La vie à bord , explications :

ORBITE. Le 15 novembre, l’astronaute français de l’Agence spatiale européenne (ESA) quittera la Terre pour rejoindre la Station spatiale internationale. Il sera de retour sur Terre en mai 2017. Il s’apprête ainsi à passer 180 jours à bord, de la station. Voici les thèmes qu’il a abordés devant des journalistes spécialisés avec l’enjouement de celui qui s’apprête à vivre son rêve d’enfant.

La géographie de la station. « Dans la station, il y a deux grands acteurs : les Russes et le côté anglais, qui comprend les Américains, les Européens, les Japonais et les Canadiens. La langue officielle est normalement l’anglais mais côté russe tout a été conçu en russe, donc on y parle russe. En fait, c’est un peu des deux en fonction des individus, on s’adapte. Et parfois on parle un mélange d’anglais et de russe. »

Déroulé d’une journée type. « Les journées à bord de la station sont très cadrées. Réveillés vers 6h00, on dispose d’une heure environ, pour prendre le petit déjeuner, faire sa toilette avec des lingettes, lire le programme de la journée. A 7h00, la journée commence véritablement avec une conférence audio en liaison avec les centres de contrôle sur Terre, que ce soit à Moscou, à Houston, au Munich ou au Japon. On nous présente le plan de la journée, qui a été affiné dans la nuit. Puis chaque astronaute respecte son emploi du temps composé à 50% de recherche et 50% de logistique et maintenance de la station. Le midi, chacun mange rapidement. A la fin de la journée, nous faisons entre 2h et 2h30 de sport. A 19h00 a lieu la conférence de clôture de la journée avec les centres de contrôle. Le soir, on essaye de dîner ensemble. Mais après 19h00, c’est du temps libre. Le samedi, c’est jour de grand ménage dans la station. Enfin, le dimanche est libre, excepté les 2h00 de sport obligatoire. Ce jour-là, on dispose de 30 minutes environ de communication avec la famille.
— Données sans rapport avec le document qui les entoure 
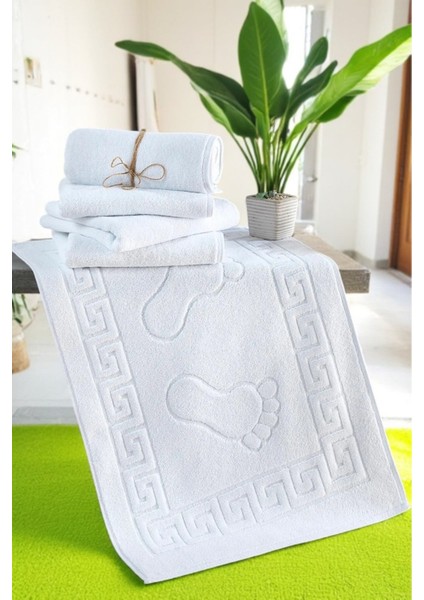 Beyaz Ayak Paspası, Şık ve Rahat Kullanım Için Mükemmel Seçenek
Bien sûr, il y aura des événements qui vont chambouler cet emploi du temps minuté, les arrimages de cargos, par exemple, ou les sorties extra-véhiculaires. »

Sorties extra-véhiculaires (EVA). « Il est prévu d’en faire deux au début de la mission et deux à la fin. Les premières sont destinées à l’installation à tribord de batteries au pied de deux panneaux solaires sur huit, qui correspondent à autant de circuits électriques. Ce sera réalisé en partie avec l’aide du bras robotique de 17 mètres articulé dans toutes les dimensions, qui se pilote depuis l’intérieur de la station avec un joystick et des écrans de contrôle. Une autre partie est réalisée par deux hommes en scaphandre pressurisé. Je ne sais pas encore si je ferais partie des quatre, de deux ou d’aucune. Le scaphandre appartient à la Nasa, c’est elle qui a la main dessus. Nous serons choisis en fonction de nos prestations lors de l’entraînement en piscine à Houston. J’y ai obtenu une bonne note, ce qui me laisse espérer que je ferai au moins une EVA. »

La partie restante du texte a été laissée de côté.